The only exception to gracefulness was the sturdy landing grid itself, half a mile high and a mile across, which was a lace-work of massive steel girders with spider-thin lines of copper woven about in the complex curves the creation of its force-field required. Inside it, Calhoun could see the ship of the invaders. It had been brought down inside the circular structure and was dwarfed by it. It gleamed there.

"And we," said Calhoun, "are going to look for a prosaic, probably messy laboratory which people who make a sport of hunting fellow-humans won't find amusing. Characters like these, Murgatroyd, aren't interested in medical science. They consider themselves conquerors. People have strange ideas!"

"Chee!" said Murgatroyd.

Calhoun spread out his photographs. Kim Walpole had marked where he should go and a route to it. Having been in the city while it was building, he knew even the service-lanes which, being sunken, were not a part of the city's good looks.

"But our enemies," explained Calhoun, "will not deign to use such grubby routes.
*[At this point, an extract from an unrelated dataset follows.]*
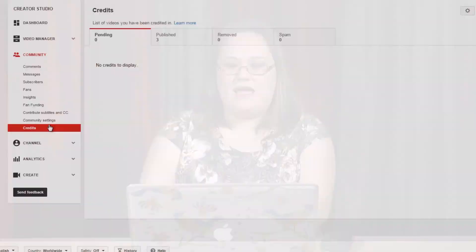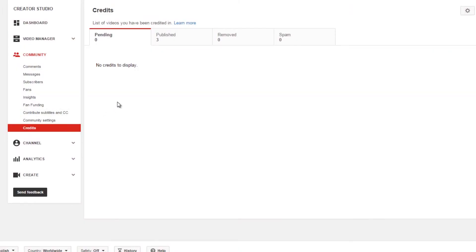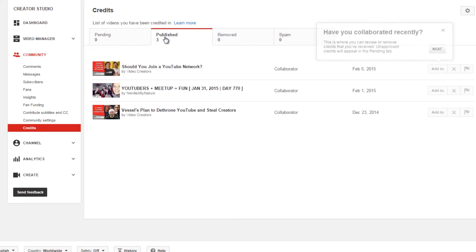Under here, this last section we're going to look at is credits. What credits are is if you do a collab with somebody, they can actually credit you in their video, and so it links back to your channel saying, hey, this person participated with me.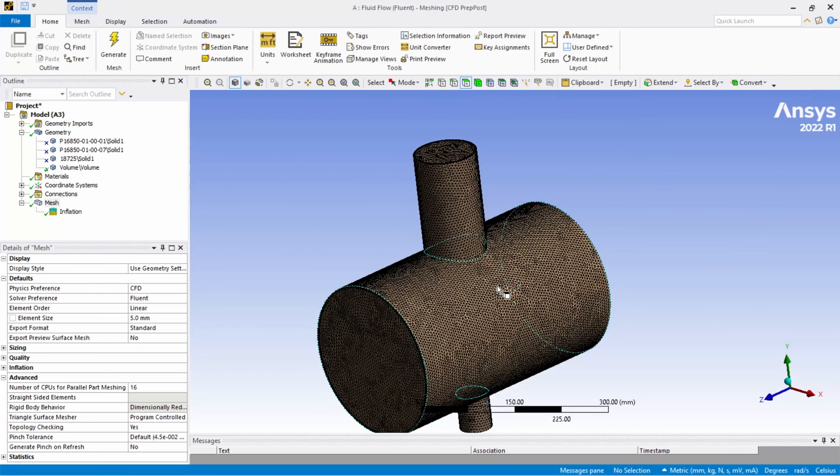Our geometry is confirmed good with no meshing problems. You can now add named selections and proceed with your CFD setup. I hope this video was useful for learning how to extract a fluid volume using SpaceClaim from any geometry — even something like a bottle. SpaceClaim is very powerful; you can also use it to remove nuts, bolts, and screws from your geometry by selecting faces and removing them. Thank you, see you in another video.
They consider themselves aristocrats because they were sent as conquerors, whose job it was to clean up the dead bodies of their victims. I wonder what kind of swine are in power in the planetary government which sent them?"


He put away the photos and headed for the city again. He branched off from the rural highway where a turn-off descended into a cut. This low-level road was intended for loads of agricultural produce entering the city. It was strictly utilitarian. It ran below the surface of the park areas and entered the city without pride. It wound between rows of service-gates, behind which waste matter was some day to be assembled to be carted away for fertilizer on the fields. The city was very well designed.
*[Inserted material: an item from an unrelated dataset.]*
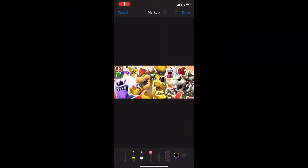Yo what up boys, it's your boy after you're back with a brand new video. Today we're going to be discussing the upcoming 50 pipe, it's called the Bowser's Minion pipe, so let's hop into it.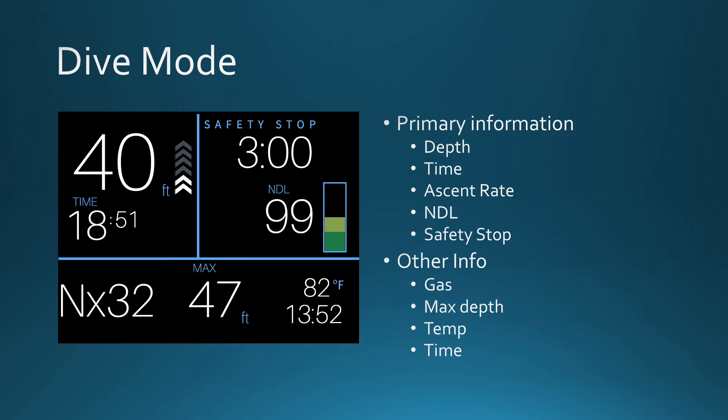When diving, your computer will provide you with primary information to reduce your risk. In this case, the primary information at the top of the display includes your current depth, how long you have been diving, your ascent rate indicated by the chevrons to the right of the depth, your no decompression limit, and the computed safety stop. This computer also provides a graphic display of nitrogen loading to the right of the NDL. The bottom row displays other information like your gas setting, max depth, current time, and temperature. You can make some changes to how the bottom row is configured, and you can scroll through various information screens displayed in the bottom row.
Rolling along the echoing sunken road, Calhoun saw, just once, a ground-car in motion on a far-flung, cobwebby bridge between two tall towers. It was high overhead. Nobody in it would be watching grubby commerce-roads.

The whole affair was very simple indeed. Calhoun brought the car to a stop beneath the overhang of a balconied building many stories high. He got out and opened the gate. He drove the car into the cavernous, so-far-unused lower part of the building. He closed the gate behind him. He was in the center of the city, and his presence was unknown.

He climbed a new-clean flight of steps and came to the sections the public would use. There were glassy walls which changed their look as one moved between them. There were the lifts. Calhoun did not try to use them. He led Murgatroyd up the circular ramps which led upward in case of unthinkable emergency. He and Murgatroyd plodded up and up. Calhoun kept count.